Kaz considered his actions; he wasn’t usually so impulsive. He’d been engaged when the accident had happened, but the relationship hadn’t survived his recovery, or rather the dark few months when he couldn’t see a future path. He’d been careful about romantic entanglements ever since.
But there was something about Laura that he liked.
8
Lubyanka, Moscow
Espionage, like chess, is a game of patience and focus. Carefully move the pieces to ever-stronger positions, endure the setbacks, wait for the opportunities provided by the opponent and then—pounce.
Vitaly Kalugin, a long-term player at the spy game, sat down at his desk, preparing to start his day. Unlike the three men he shared the office with, Vitaly liked a neat desk. Next to his pen stand he kept a low wooden tray for incoming correspondence. He always made sure his outgoing tray was filled with the telexes and reports that he’d read and notated before he went home every night, to be sent on by the office runners to the next names on the lengthy distribution lists. The KGB was the single security agency for the entire Soviet Union, handling both domestic and foreign intelligence and counter-intelligence, while combating dissent and anti-Soviet activities. It made for a lot of reading every day.

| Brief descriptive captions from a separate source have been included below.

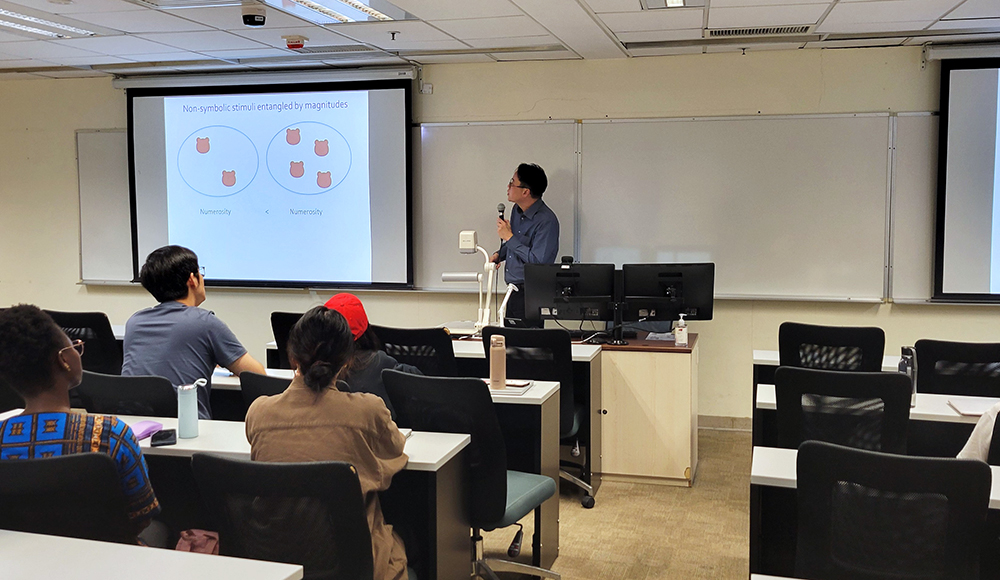 Prof. YUNG Wing Ho gave his seminar on “Disentangling the Influence of Continuous Magnitudes in the Study of Number Sense in Rodents”.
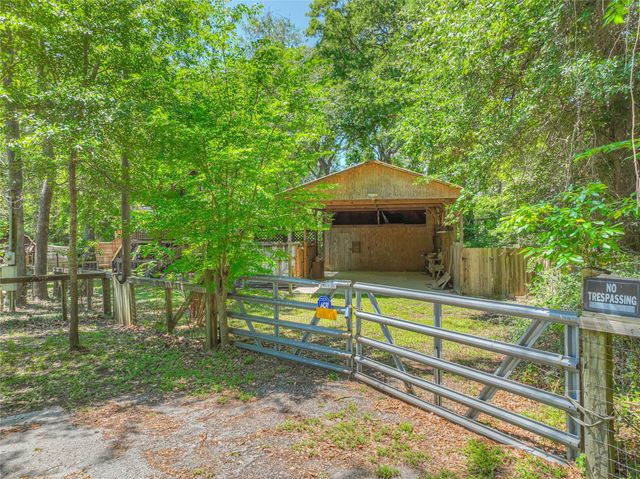 641 Red Clover, Livingston, TX 77351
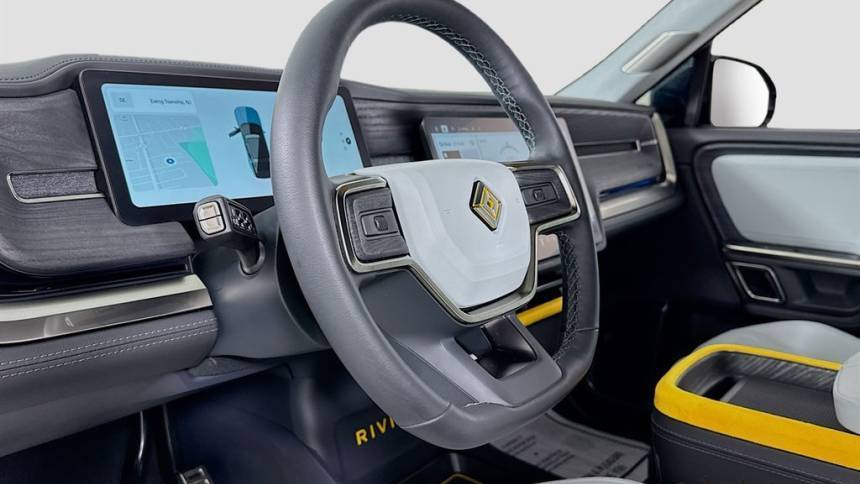2023 Rivian R1S - Images - 9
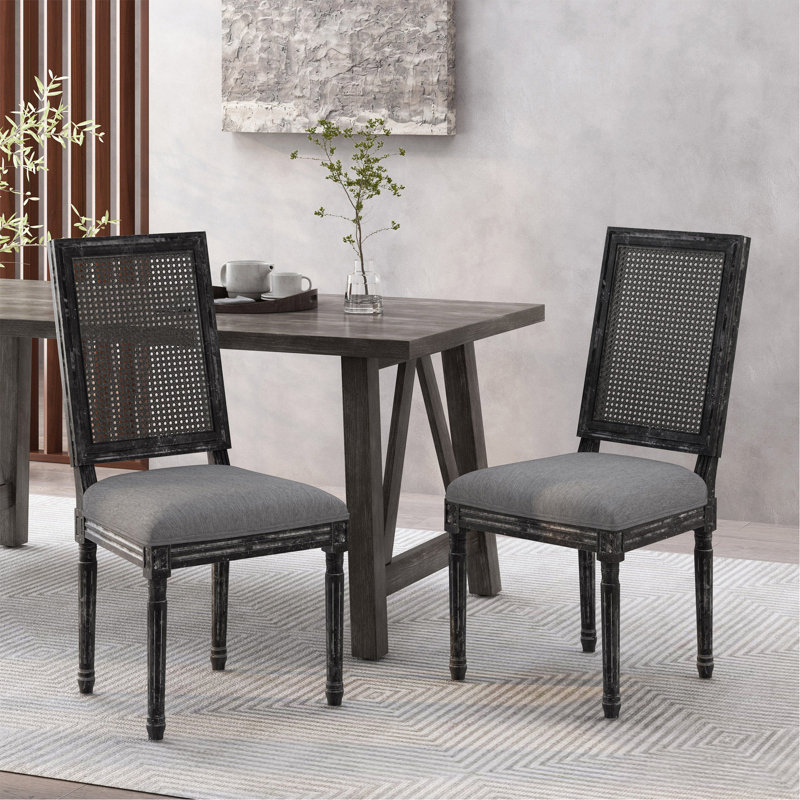 Chaise de salle à manger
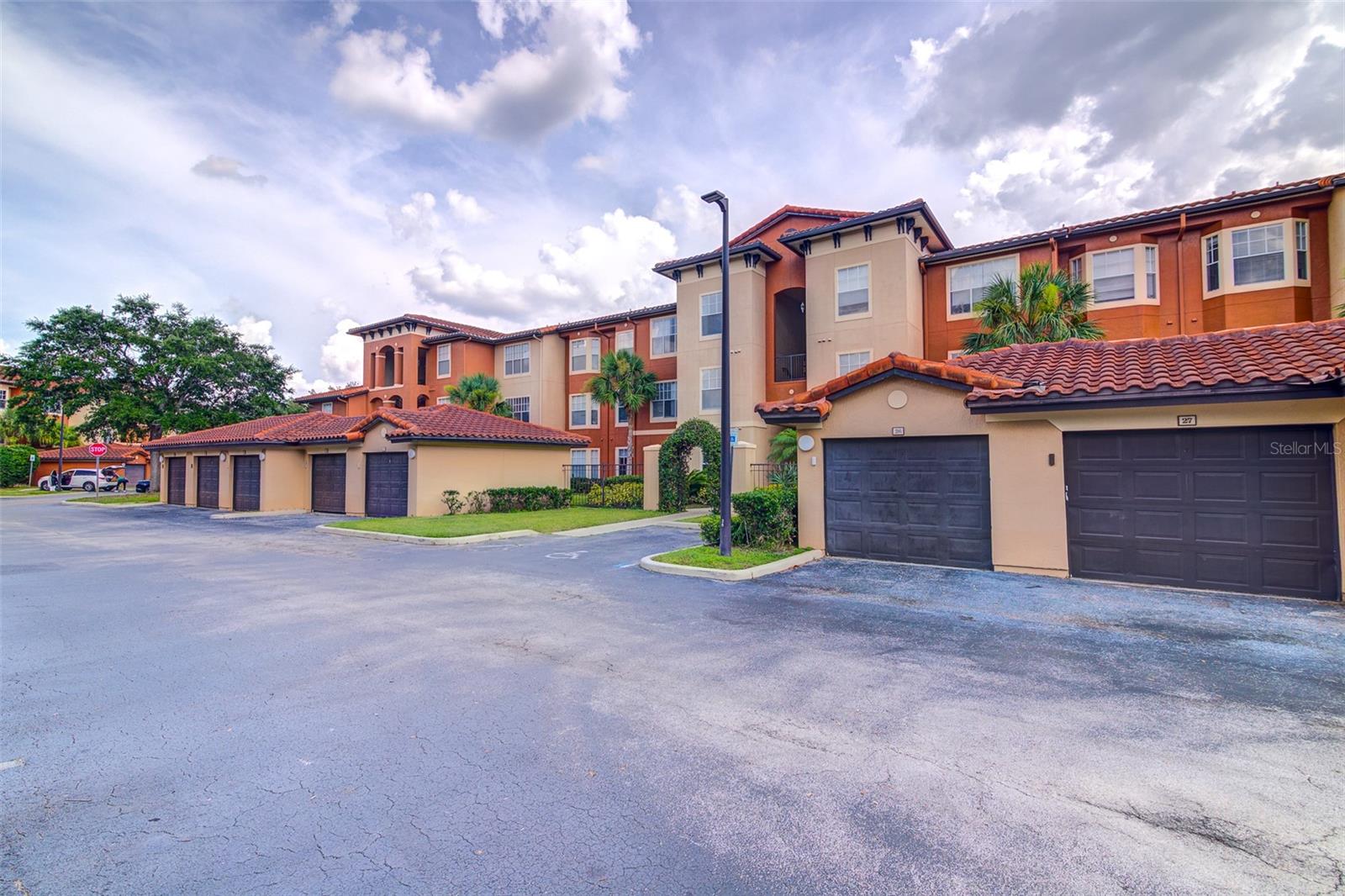 Image 14 of 52 For 5554 Metrowest Boulevard 305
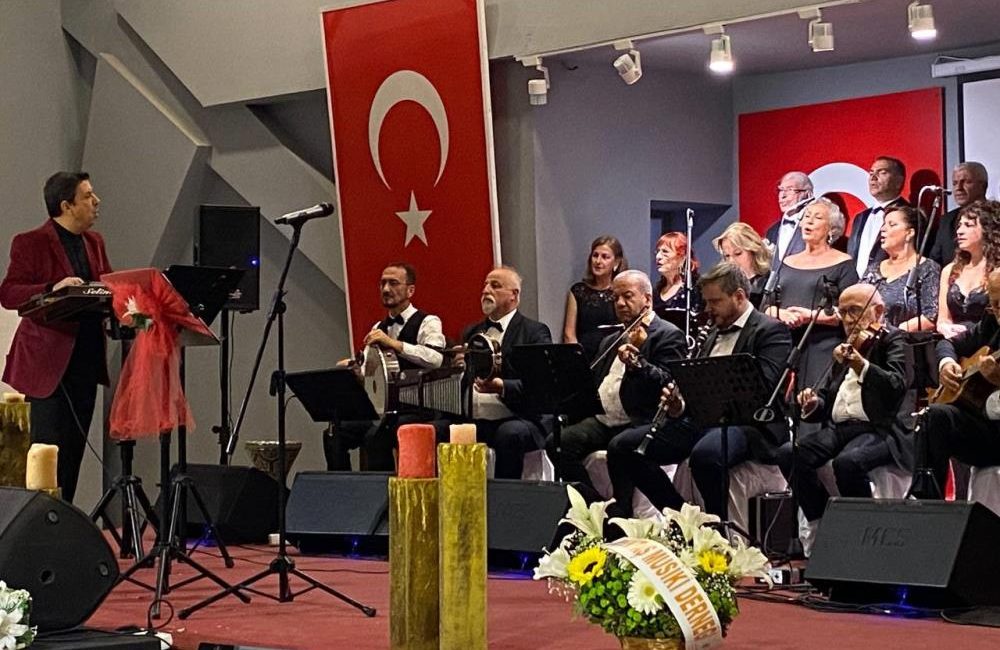 Ayvalık’ta TSM gecesi Ayvalık’ta, Mesut Duran Müzik Derneği tarafından düzenlenen konser büyük ilgi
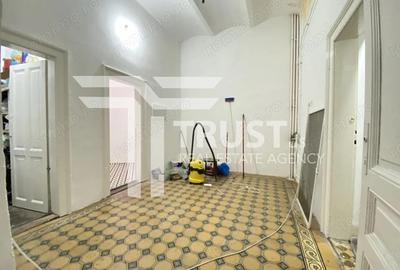 Caldire Istorica, 5 Camere, Etaj 1, Piata Roamnilor, Traian, Comision 0 - 12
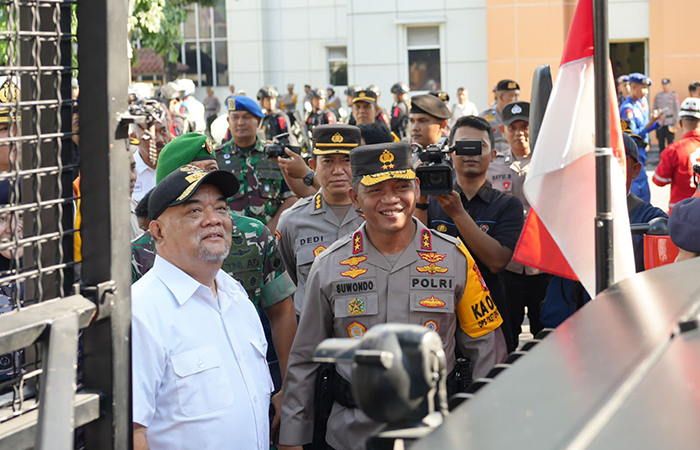 SIAP AMANKAN: Kapolda DIJ Irjen Pol Suwondo Nainggolan dan Wakil Gubernur DIJ KGPAA Paku Alam X DIJ meninjau kesiapan pasukan untuk menghadapi Operasi Ketupat Progo 2024.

He kept his beige phone on his left, where he could hold it and talk while writing with his right hand. An emptied ashtray was on the far right, his matches and cigarettes still in his jacket pocket. Vitaly unlocked his desk, set his lunch box into its deepest drawer, next to the half-empty bottle of Moskovskaya vodka. Irina always sent him to work with pirozhki stuffed with meat and vegetables, a block of pale Russian cheese and pickled cucumbers or tomatoes. He got a hot lunch at the office stolovaya, but he liked to eat, and the extra food carried him through the long days.